I am grateful for the Cursillo movement and how living in the Fourth day has immeasurably enriched my life. I am surrounded by men and women who have redirected their orientation toward God and we all live to support, strengthen and pray for each other. Greg Hanchett, Ken Jeschke, Rick Hays, Rick Ahmann, Chris Curtis, Paul Baker, Dennis O’Reilly, Andy Nickol, Oliver Yuhas, Dan O’Brien, Jim McConnell and so on are just few of those whom I call brother. For them, and all the others, I am deeply thankful. They have walked with me as my thirst for learning about our faith has been kindled and now burst into flame. Thank you to all of you for giving me an audience and support to pursue a course I believe I was always meant to follow.


Finally, I am grateful that I have been granted the ability to appreciate the little things in life. To be able to stop and just gaze at a sliver of orange tinted clouds on the morning horizon or to be able to watch a full moon burst up over the south hills and shine its cold light down on my yard is a miracle to me. I also love to see and hear birds that come to my waterfall and fountain to drink and splash around in play, to watch the deer lying peacefully beneath the hedge bordering my front yard and to smile at the rabbits playing in the grass and then hiding in the juniper shrubs when danger passes.
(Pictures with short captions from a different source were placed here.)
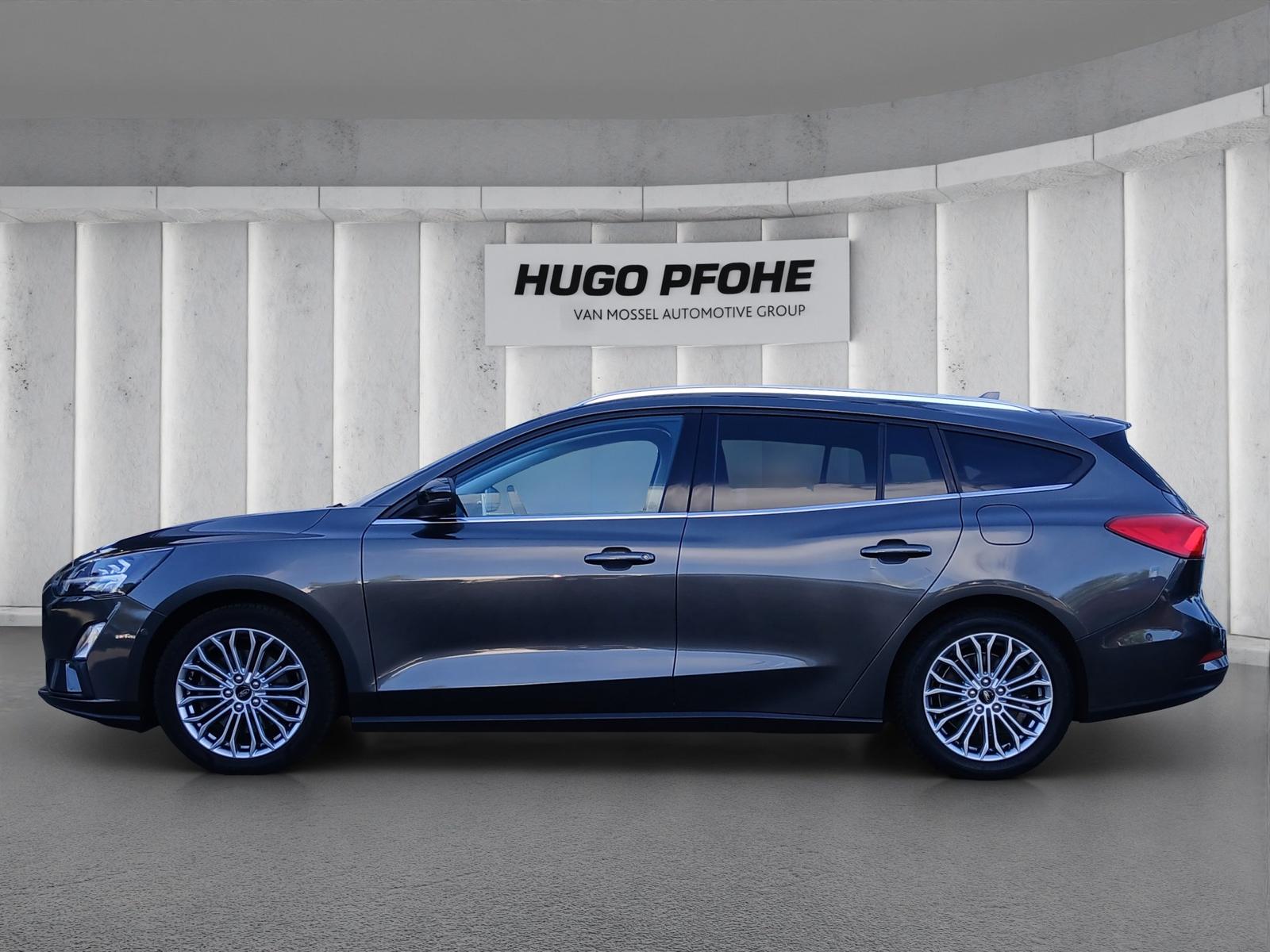 Ford Focus Titanium Turnier LED NAVI AHK KAMERA
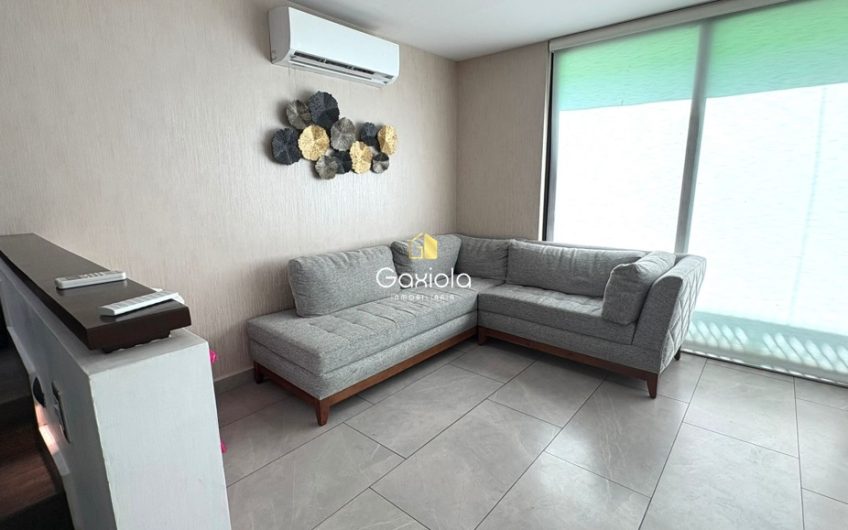 Se RENTA casa amueblada en Residencial Novum, sector Valle Alto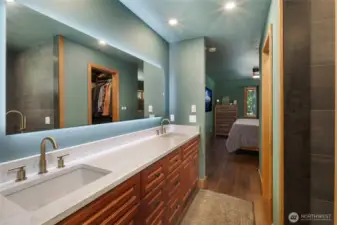 Primary bath with dual sinks and smart vanity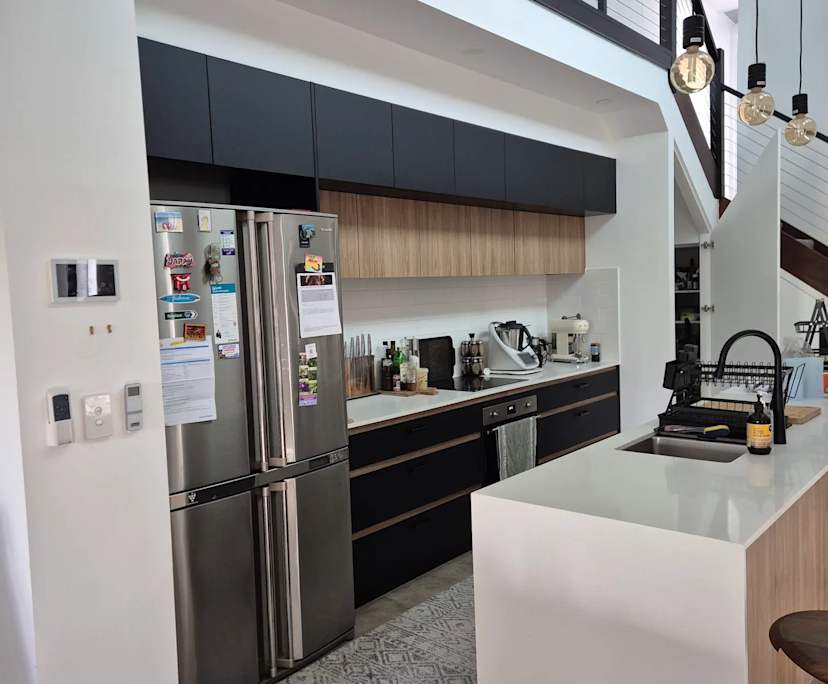 $300, Flatshare, 3 bathrooms, Labrador QLD 4215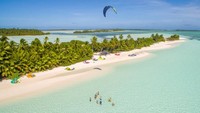 Dihimpun dari CNN Travel, Rabu (23/8/2017), yang pertama adalah Cocos Keeling, tahu? Letaknya ada di tengah-tengah Samudra Hindia antara Australia denggan Sri Lanka. Pulau milik Australia ini menjadi impian bagi sebagian traveler. Bagaimana tidak ada dua atol dan 27 pulau karang yang membentuk pulau. Hanya dua pulau ini yang dihuni dengan kebiasaan penghuninya adalah berkano, berjemur atau sekadar snorkeling (Foto: Rik Soderlund/CNN Travel)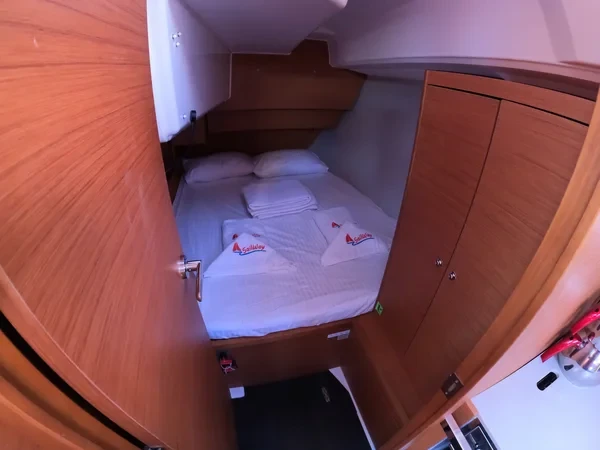 Dufour 37 - Boatscribe.com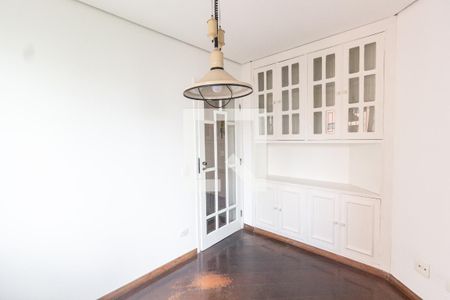 Apartamento à venda com 250m², 4 quartos e 3 vagas Apartamento à venda com 250m², 4 quartos e 3 vagasSala de jantar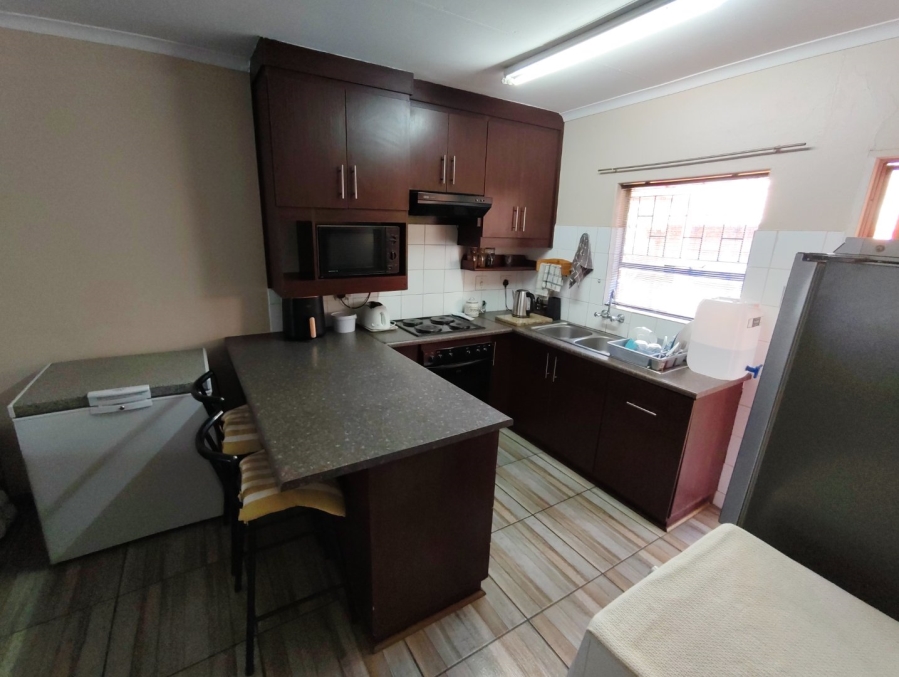 To Let 2 Bedroom Property for Rent in Langenhovenpark Free State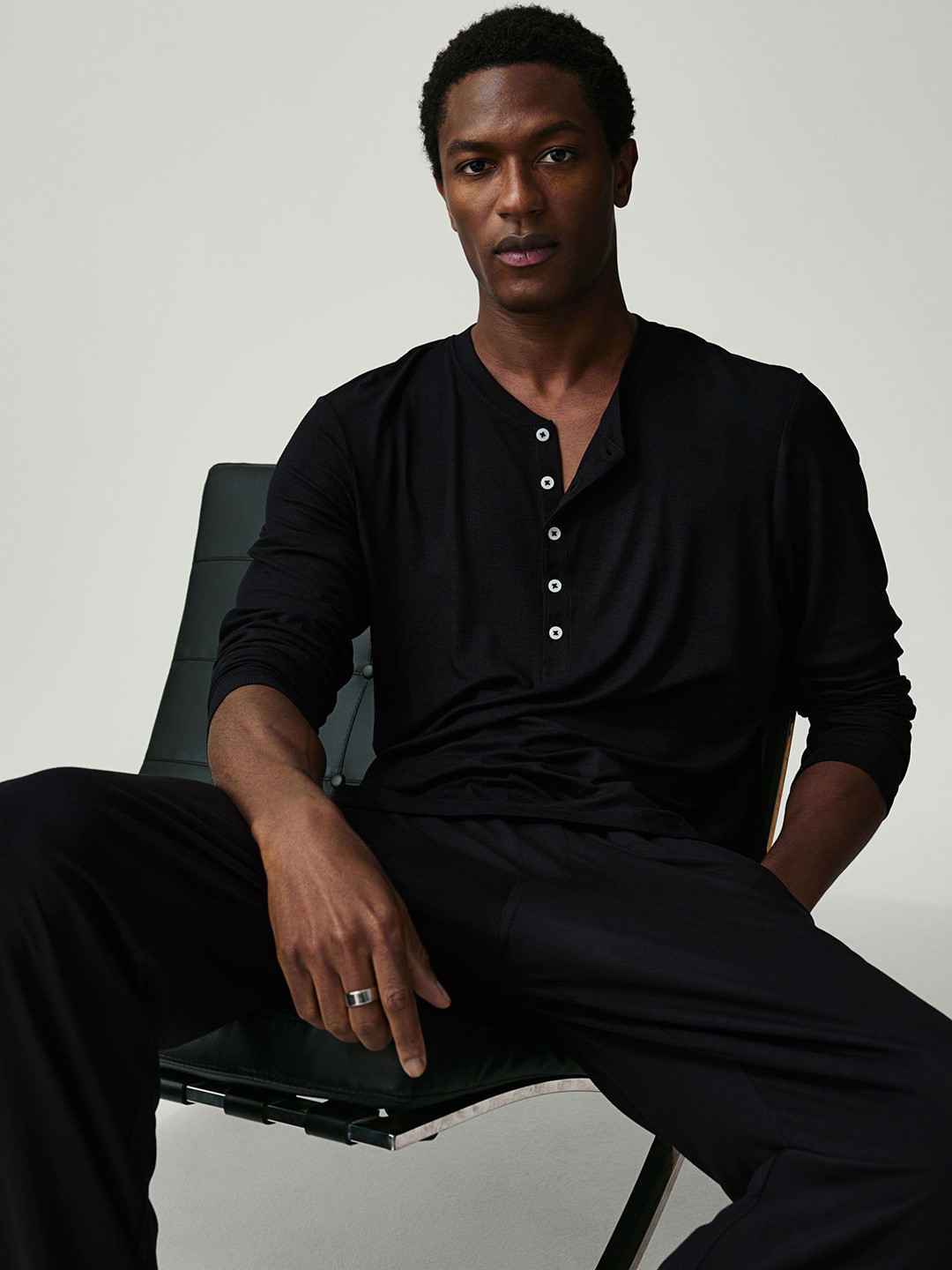

H&M Men Round Neck Night Suits, Black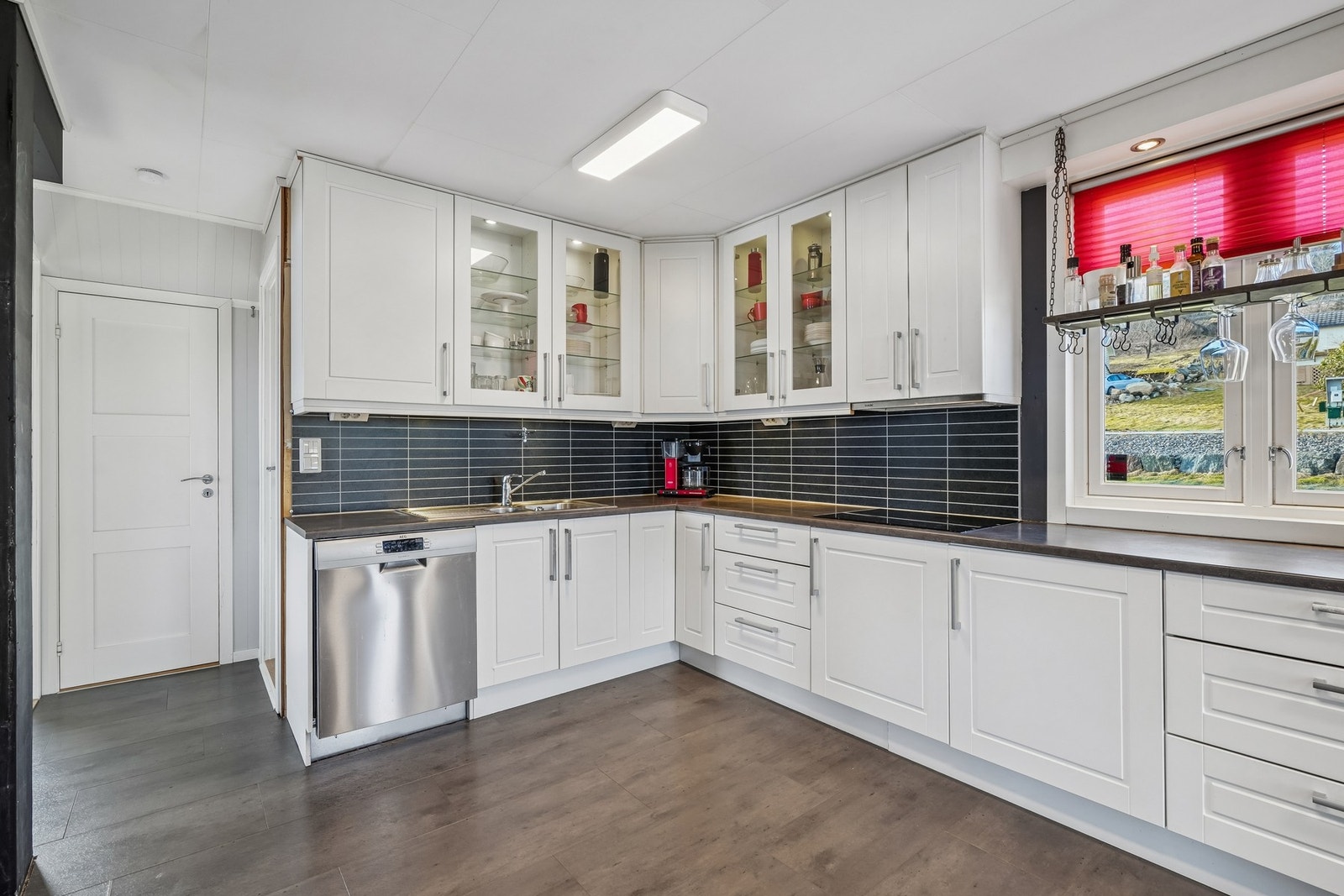 Kjøkkenet er utstyrt med hvitevarer som oppvaskmaskin, induksjonstopp, stekeovn og kjøleskap. Galleribilde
These all bring me delight and appreciation.


Life as a Benedictine Oblate has slowed down the pace of my life that I might let time slow and silence grow and those spaces Celtic spirit has nourished an understanding of God’s presence not just everywhere but in the earth, water, sky and sun which from our human life emerged. For things I am also grateful.

Finally, to stand knee deep in a cold river and casting a fly to place where I hope a fish might right rise is how a loving God has chosen to reveal to me many of the mysteries of life, the most important of which is why I am here. I am not only grateful for this, I am at peace.


Day 4 of 4. There is much left unsaid,

Sunday, September 28, 2014

Day 3 of 4 -Gratitude Challenge

“Give thanks to the Lord for he is good, his love endures forever.” Psalm 118 from Sunday Morning Prayer, Liturgy of the Hours.


This has been a full day from the time my feet hit the floor until now. Beginning with Morning Prayer, the fullness itself is reason enough to be grateful. After Morning Prayer came Sunday morning coffee with quiet conversation and a half-hearted perusal of the newspaper in the company of Lori and her brother Brian while we discussed how the day – Lori’s birthday would play out. I am always grateful for those quiet moments on a weekend morning as way of starting out the day together.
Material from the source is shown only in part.